Istanbul’s Topkapı Palace at risk of collapse, needs urgent repair
Ömer Erbil – ISTANBUL
On Sept. 26, 2016, daily Hürriyet had reported that deep crevices were found in the treasury room of the Ottoman-era palace, the Conqueror Kiosk, prompting its closure to tourists.
The Culture and Tourism Ministry later agreed that the serious cracks on the kiosk’s basement floor walls were “deformations that go beyond the crack area and have reached the discrete and slit levels.”
Major restoration worth around 10 million Turkish Liras was later initiated at the palace.

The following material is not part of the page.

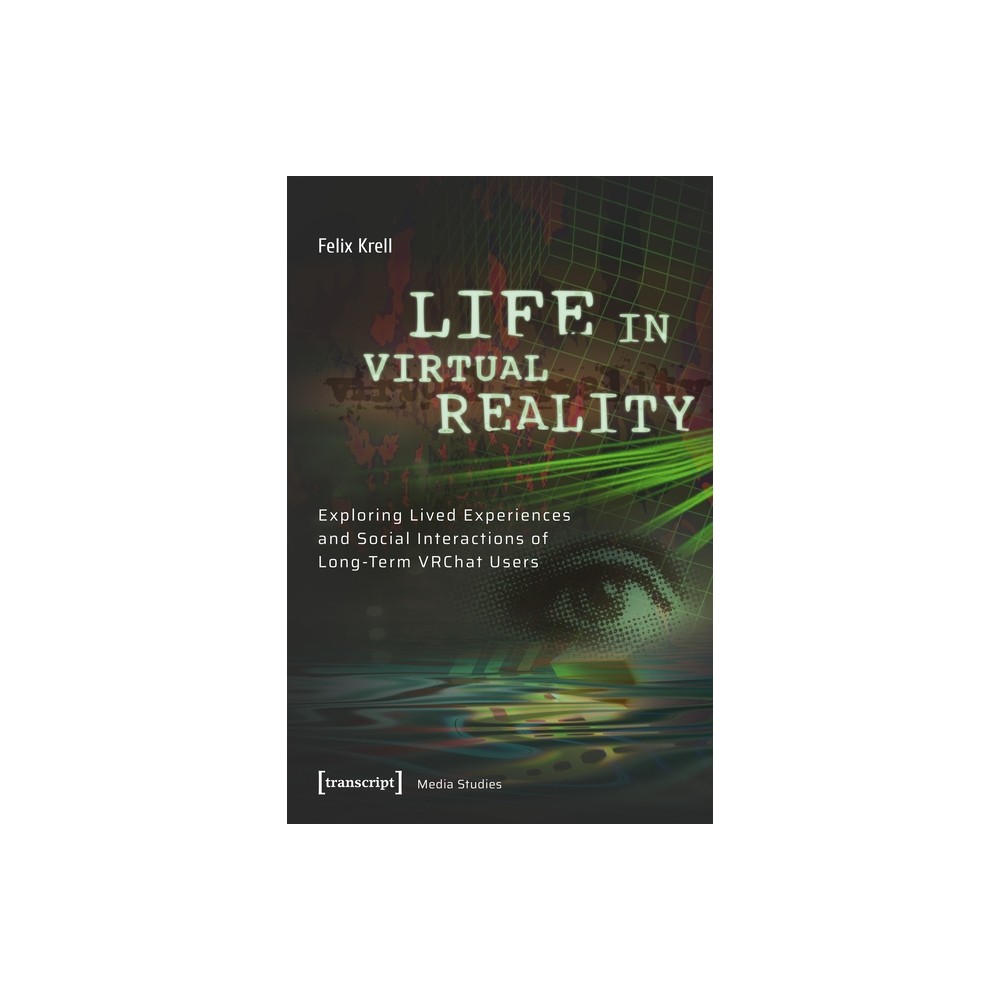 Life in Virtual Reality - by Felix Krell (Paperback)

It has now emerged that the cracks resulted from a ground slide and the Culture and Tourism Ministry experts initiated work to save the historic building from collapse.
Rather than conduct a temporary repair, the authorities investigated the reasons for why deep crevices were formed in the palace. For this reason, workers dug a total of 26 drilling holes inside and outside the palace in order to measure seismic activities. In addition, the water pressure under the ground was also investigated.
The data obtained from the devices used in the previous processes are going to be transferred to a data bank via GPRS. The authorities have stated that the devices were made in order for the palace to be kept under track for long years.
Culture and Tourism Minister Nabi Avcı has denied that the ground slide was triggered by the construction of the Marmaray tunnel, linking the European and Asian sides of Istanbul, and the Eurasia Tunnel project.
“We have no scientific data of such an affect,” Avcı told journalists on Jan. 22.
Moreover, it has been concluded that the blockages in the palace’s drainage system, which was constructed in the 1920s, and the inability to discharge waste water, had increased the ground liquidation under the palace.
It was also concluded that the reason for the collapse of the sustaining walls in the area stemmed from these problems in the ground.
The method for the static fortification of the historic building has been determined by restorers, who have suggested steel rods to be hammered around the palace in order to stop the ground from sliding.
However, remains estimated to be from the Roman era have been determined under the ground via the georadar method, and the restorers’ work is made much more difficult due to these remains.
The Topkapı Palace, which overlooks the confluence of the Bosphorus and the Marmara Sea, was one of the major residences of the Ottoman sultans for almost 400 years (1465-1856) during the empire’s 624-year history.
It is now a museum and a major tourist attraction, containing a number of important relics of the Muslim world.